Saturday 24 August 2013

Reality And Fiction

The novel was once a radical art form. It represented a slow turning away from sacred and transcendent literature and placed the human subjectivity of the author at the steering wheel. Though religion didn't immediately lose its influence within literature, no longer did authors have to re-present traditional themes, forms and symbology. They were free to choose what they wrote about and didn't have to refer to previous conventions and traditions if they opted not to.

Cervantes and Sterne celebrated this with their gorgeous insinuations as to the unreliability of their narrators. Could fiction be lying to us, making things up and stuff? What could mendacious literature be for then? Did it seek to reflect the real world? Was it intended to provide an interpretation of the world? How does any of that play with the fact that it is a work of fiction, an imagining of an author's mind, no matter how much 'based on truth'? How did the subjectivity of its single author's imagination square with imparting anything universal to a readership?

In painting similar development occurred. Western art was in thrall to theology, with prescriptions, proscriptions and a ready made symbolic palette to refer to. Within these limitations however, artists advanced their art by discovering perspective and how to play with light and colour, so that religious icons were supplanted by the sumptuous canvases of Giotto and Titian. It may have been revolutionary to move the Madonna and Child away from the very centre of the painting, but it was still utterly rooted in religious iconography and imagery.

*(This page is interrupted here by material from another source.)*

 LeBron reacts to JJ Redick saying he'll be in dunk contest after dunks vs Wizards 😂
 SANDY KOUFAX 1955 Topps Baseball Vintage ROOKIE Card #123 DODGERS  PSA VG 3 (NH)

It was the various modernist movements in art, Impressionism, Cubism and the like, which took the religious shackles off the image in painting as artists went in pursuit of 'truth'; that is the essential real nature of objects, be it landscapes, still lifes or figurative art. These were inquiries into the truth of objects through exploring the way we 'see' things. But the revolutions didn't stop there as art freed itself from the figurative, passing through abstraction and into conceptual forms that eschewed canvas and paint entirely. Art became self-aware, not just of light, colour and perspective, but of its very fictions too.
It reached its apotheosis perhaps with Magritte's painting -


It expressed a key realisation: a picture of a pipe was not the same as a pipe itself. A picture of a pipe was actually a symbol, an image of what we know and recognise as a pipe. It cannot represent or reflect the ceramic/wood ensemble that constitutes the object that is the pipe, for this is a two-dimensional representation only of its image. Art had so freed itself from depicting and portraying, that it had shrunk its own horizons into fairly arid considerations of the image (Pop Art, much conceptual art for example). The image itself had been supplanted by the sign. What something stood for. Art became aware of its limitations and its fictional nature, almost completely cut off from trying to portray the real.

The novel has not had nearly as many revolutions and paradigm shifts as visual art. Yet it should have arrived at the same place in terms of becoming conscious of itself as fiction. In fact, fiction ought to have a competitive advantage in all things fictional, seeing as it's even in its very name! Magritte's painting wouldn't work without the tension set up by the words "This is not a pipe".

There are some hard and fast realities about the novel, or any artwork, that make them have some actual substance in the world. A print book is an object, while even an e-reader data file exists on some level. Books take up space on libraries and shelves and if they remain in print after the author is long dead, then they could definitely be said to have contributed to the lasting store of human knowledge and ideas. So as a material entity, any book forms part of reality. But of course we are really talking about the contents within. The body of the written word.

Novels are stories rather than truths about the real world, though there can be points where they catalyse truth in the form of the emotional reaction of the reader. And through all its seismic changes, painting being a visual artform has always placed at its centre an inquiry into ways of seeing and the nature of perception. What's the literary equivalent of visual art's primary inquiry? Well it has to be language, since that is literature's only real tool. The author may have a palette with plot, character, imagery, setting and the like on it, but all are solely rendered through words.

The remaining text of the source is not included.